Con recelo, Lidia observó entonces como él se levantaba y se marchaba con la joven Fany en dirección al arroyo.

—Mucho no me amaría cuando ya está sonriéndole a otra —siseó.

Penelope soltó una risotada y, mirando a su amiga, musitó:

—Es un joven muy apuesto, y ha decidido comenzar a vivir sin ti. ¿No era eso lo que querías?

Tras perder de vista a aquellos por la arboleda, Lidia dejó el tazón sobre una piedra, se levantó malhumorada y replicó:

—Por supuesto que era lo que quería. Me voy a dormir. Buenas noches.

—Que descanses, Lidia —sonrió Penelope con tristeza al ver que su amiga se alejaba.

Durante un buen rato, Penelope permaneció a solas sentada ante la fogata. Estaba sumida en sus propios pensamientos, sin percatarse de que el encapuchado que parecía dormir más allá no le quitaba ojo y sonreía con deleite cada vez que la veía sonreír a ella.

Al día siguiente, el grupo reemprendió la marcha. Sin embargo, tuvieron que parar a media mañana, puesto que comenzó a caer una fuerte tromba de agua que apenas si les dejaba ver el camino. Rápidamente, se refugiaron entre unas grandes piedras, y Bruno ordenó sujetar unas lonas que les proporcionasen cobijo entre éstas. Luego mandó prender una gran fogata, puesto que estaban helados de frío.

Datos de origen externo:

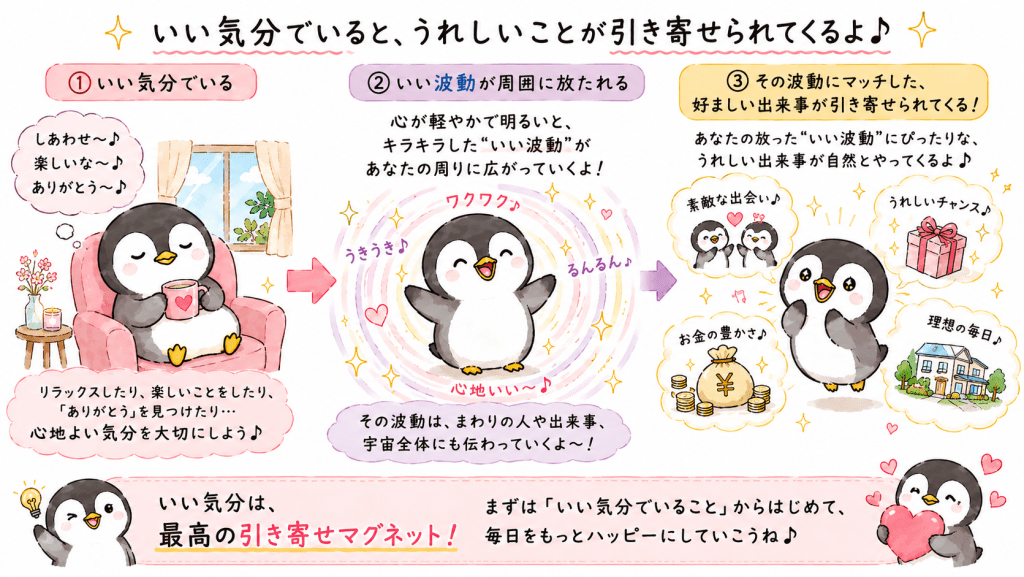 alt="引き寄せの法則で、いい気分からいい波動が生まれ、好ましい出来事を引き寄せる仕組みを解説したイラスト"
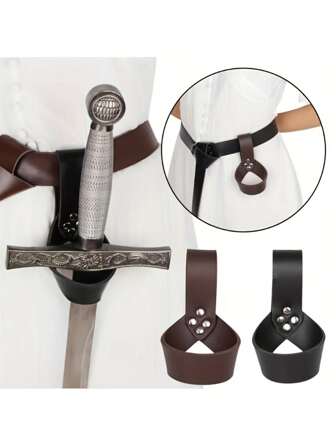 Elegant Vintage Medieval Leather Sword Sheath Belt, PU Material, Dry Clean, No Buckle, Unisex Fashion Accessory For Knights, Pirates, And Historical Reenactment Halloween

Cuando Lidia bajó de su caballo y comprobó que todos estaban cooperando sin que ella lo hubiera ordenado, miró a Bruno y asintió. Él le sonrió a su vez.

Durante horas no paró de llover, y Bruno, como siempre rodeado de mujeres y niños, se dedicó a contar historias para hacerles el rato más agradable.

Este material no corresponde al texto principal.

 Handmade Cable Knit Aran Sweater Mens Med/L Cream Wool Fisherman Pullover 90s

Al anochecer, cuando la lluvia cesó, Lidia decidió salir a dar un paseo. Nunca le había gustado permanecer tanto tiempo recluida en un mismo sitio y, tras informar a Penelope, se alejó. Caminó durante un buen rato, hasta que encontró un gran árbol y se sentó en su lado seco. Inevitablemente pensó en Bruno. Las sabias palabras que Penelope le había dicho la noche anterior le habían hecho ver lo estúpida y fría que había sido con él. Y, como su amiga había asegurado, ver que ahora les sonreía a otras le partía el corazón.

Tras permanecer varios minutos a solas, sin saber que Bruno la había seguido para ver adónde iba y que había estado observándola todo el tiempo, Lidia se levantó y decidió tomar el camino de regreso, instante que él aprovechó para esfumarse rápidamente.

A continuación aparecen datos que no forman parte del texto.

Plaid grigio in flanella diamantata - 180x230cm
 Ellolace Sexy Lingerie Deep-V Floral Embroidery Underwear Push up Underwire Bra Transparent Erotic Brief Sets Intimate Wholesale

La joven anduvo un rato cabizbaja hasta que de pronto oyó que alguien silbaba una canción. Prestó atención y reconoció la melodía. Con sigilo, se acercó al lugar del que provenía la música y se quedó muy sorprendida al divisar a Bruno apoyado en el tronco de un árbol, mirando las estrellas mientras silbaba.

El corazón se le desbocó al verlo y, ansiosa por estar a su lado, caminó hacia él.

—Hola.

Cuando se volvió, Bruno la saludó con una sonrisa forzada:

—Hola, jefa. ¿Qué haces por aquí?

Aunque dolida por su frialdad, Lidia respondió:

—He salido a dar un paseo. ¿Y tú?

Él no respondió. La miró con picardía y sonrió. Eso hizo que ella se pusiera en alerta pero, al ver que Bruno volvía a apoyarse en el árbol como si esperara algo o a alguien, preguntó:

—¿Qué te hace estar tan pensativo?

Con una cautivadora sonrisa que a Lidia le encogió las entrañas, el guerrero murmuró:

—Asuntos personales. Pero, tranquila, nada que ver contigo.

Lidia sonrió. Si alguien era capaz de hacerla sonreír, ése era él.

—Seguro que pensabas en tus futuras vecinas de sonrisas provocadoras —se mofó—, o mejor, en esa enana azul que te persigue allá donde estés y te llama guapo Pezzia.

Bruno sonrió con sorna.

—¿Estás celosa? —inquirió.

Dando un paso atrás, ella levantó una ceja y respondió levantando el mentón:

—Nunca. Ya lo sabes. No soy como otros.

Bruno soltó entonces una carcajada de frustración al recordar algo.

—Si con otros te refieres a mí, te aseguro que es agua pasada. Para mí no fue agradable ver como tú y el tonto de Maruel de Brene y Montoroso reíais y cuchicheabais aquella noche ante el fuego.

—Él prefiere que lo llamen Maruel de Brene. Aunque a mí me gusta más llamarlo simplemente… Maruel —sonrió Lidia.

A Bruno se le contrajeron las entrañas a causa de los celos, pero como un maestro del disimulo afirmó sonriendo:

—¿Sabes, bonita? Creo que tú y ese tal Maruel hacéis una buena pareja. Plantéaselo la próxima vez que lo veas. Estoy seguro de que a él le encantará tener algo contigo.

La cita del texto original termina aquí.